Cami tuğla ve kesme taş sıralı bir duvar örgüsüne sahiptir. Üst kısmı prizmatik üçgenlerden oluşan bir kuşak üzerine oturan bir kubbe ile örtülmüştür. Yapının kuzey cephesini kaplayan üç gözlü son cemaat yerinin örtü sistemi ortada aynalı tonoz, yanlarda kubbedir. Bu kısmın yapının bütününü kapatacak bir son cemaat yerinin örtü sistemi ortada aynalı tonoz, yanlarda kubbedir. Bu kısmın yapının bütününü kapatacak bir kalkan duvar şeklinde düzenlenen ve üç tuğla bir kesme taş sırasıyla örülen cephesi, iki yanda sivri, ortada beş dilimli yüksek bir kemer olmak üzere üç açıklıkla dışarı bağlanmaktadır. Ortadaki dilimli kemer dıştan ikinci bir kemerle kuşatılmış ve bu kemerin köşeliklerine altıgen tuğlalardan oluşan dekoratif bir örgü kuşağı yerleştirilmiştir. Bu şekilde girişe ayrılmış olan orta bölümün hem form hem de süsleme özellikleriyle farklı biçimde belirtilmesi yönüne gidilmiştir. Son cemaat yeri cephesinde yüzey üzerine dağılmış durumda yerleştirilen üçgen formlu yedi adet çini parçası bu kısımda rastlanan diğer süs unsurlarıdır. Son cemaat yerinin üç açıklığına doğu, batı ve kuzey yönlerinden on bir açıklıklı üç kanat eklenmiş ve bu şekilde on dört gözlü bir revak elde edilmiştir. İki yan kanadın son cemaat yeri cephesiyle birleştiği kısımda seviyenin yanı sıra duvar tekniğinin de farklı oluşuyla beliren uyumsuzluk yapının bu eklemeli inşaatını açıkça göstermektedir. Dış yüzleri moloz taşla örülü olan revakın üç kanadında tonozla örtülü on bir hücre sıralanmaktadır. Revakın iç yüzlerini moloz taş ve tuğla sıralı bir örgü kaplar. Duvarları saçak hattında testere dişi frizler kuşatmaktadır. Bunlar caminin dış cephesindeki pencere kemerlerinde de görülür. Buradaki pencerelerin alınlıklarına dekoratif nitelikli dairevî mermer parçaları yerleştirilmiştir. Caminin mihrabı geç dönemde yapılmış yağlı boya bazı süslemelerle asıl niteliğini bugün büyük ölçüde kaybetmiştir. Siyah vernikle yine sonradan boyanmış olan minberi ise geometrik geçme motiflerden oluşan zengin ve özenli bir ahşap işçiliği ile iç mekânın en dikkat çekici unsurudur. Girişi yapının son cemaat yerinde bulunan minaresi batı köşesinde yer almaktadır. Silindirik gövdeli tuğla minarenin şerefe üstü son onarım sırasında yenilenmiştir. Başçı İbrâhim Camii’nin bitişiğinde yüksek kiremit kaplı kubbesi ile dikkati çeken, kesme taş ve tuğladan inşa edilmiş olan yapı, külliyenin en son eklenen unsuru olan hamamdır.
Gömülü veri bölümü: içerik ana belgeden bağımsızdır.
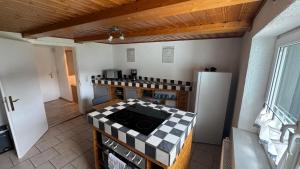 a kitchen with a stove and a refrigerator at FeWo -schiefe- Marie in Oberlungwitz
Hamamla cami arasında ve caminin güney duvarının arkasında kalan alan, çok sayıda mezarla, doğu kısımda Başçı İbrâhim Bey’in kabrinin de yer aldığı bir hazîredir. Burada Başçı İbrâhim Bey’in kabir taşında vefat tarihi 885 (1481) olarak kayıtlıdır. Ancak Kâzım Baykal kitabına bunu 896 (1491) olarak geçirmiş (bk. s. 84, 184), ikinci baskıya eklediği notlarda (bk. değişiklikler listesi, s. 84) E. Hakkı Ayverdi’ye uyarak metindeki bilgiyi tashih etmiştir.

Başçı İbrâhim Camii, benzerlerine Osmanlı mimarisinde sıkça rastlanan tek kubbeli yapı tipinin bir örneğidir. Daha sonra revaklı bir avlu eklenmesiyle büyütülen yapı, anlaşıldığına göre buna paralel olarak zaman içinde tekke ve medrese fonksiyonlarını da üstlenmiştir.

BİBLİYOGRAFYA:

A. Gabriel, Une capitale turque: Brousse, Paris 1958, s. 136-137; Ayverdi, Osmanlı Mi‘mârîsi III, s. 69-76; Kâzım Baykal, Bursa ve Anıtları, Bursa 1950 → 2. bs., İstanbul 1982, s. 83-84, 184; Türkiye’de Vakıf Abideler ve Eski Eserler, Ankara 1983, III, 29-32.